5/10
In Sweden, A Comedy Is When Everyone Is Miserable Until The Last Forty Seconds
19 March 2023
Ingrid Bergman comes from an artistic family, and she's loved by the bohemians-in-formal-wear who surround her. Her paintings don't bring in any money, so she works during the day at a bank. At her birthday party, Edvin Adolphson, who has just published a successful book about his love affairs, asks her to come with her to Paris. She refuses, gets thrown out of her apartment, and the next day fired from her job. So she marries Lars Hanson, a wealthy landowner who, like Elmer Fudd, has a mansion and a yacht.

But he is a romantic guy who wants to win her love every day. His mother, Karin Swanström, is a formidable old dragon who thinks Miss Bergman married her son solely for money. It all comes to a head the evening before the big regatta, when Hanson invites Adolphson to the party he is throwing to celebrate the victory he is certain of.

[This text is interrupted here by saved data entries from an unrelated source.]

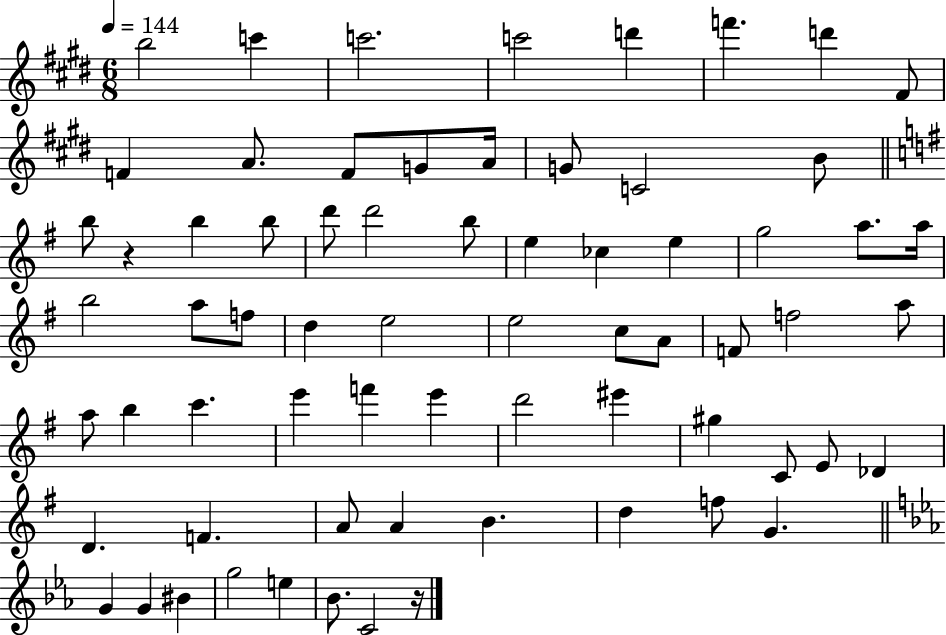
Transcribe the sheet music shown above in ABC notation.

X:1
T:Untitled
M:6/8
L:1/4
K:E
b2 c' c'2 c'2 d' f' d' ^F/2 F A/2 F/2 G/2 A/4 G/2 C2 B/2 b/2 z b b/2 d'/2 d'2 b/2 e _c e g2 a/2 a/4 b2 a/2 f/2 d e2 e2 c/2 A/2 F/2 f2 a/2 a/2 b c' e' f' e' d'2 ^e' ^g C/2 E/2 _D D F A/2 A B d f/2 G G G ^B g2 e _B/2 C2 z/4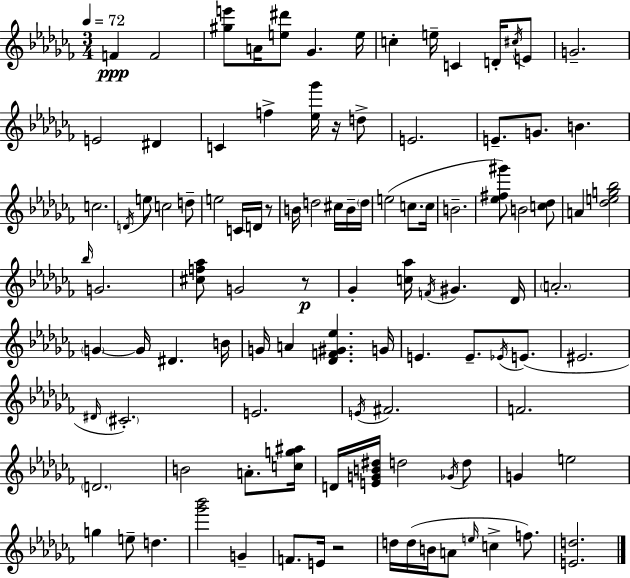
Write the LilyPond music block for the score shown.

Gustaf Molander's movie is labeled a comedy, and yes, it qualifies as one in that the ending finds the world on the screen better ordered than it was at the start. There's almost nothing in it amusing, as people raise mountains of misery from molehills of discontent, and Miss Swanström insists of digging up dirt, real and imagined, in order to make her son happy by making him miserable.

Still, it's interesting, thanks to the leads, particularly Hanson, and Molander's ability to tell a tale and make it cinematic. But I won't be looking at it again any time soon.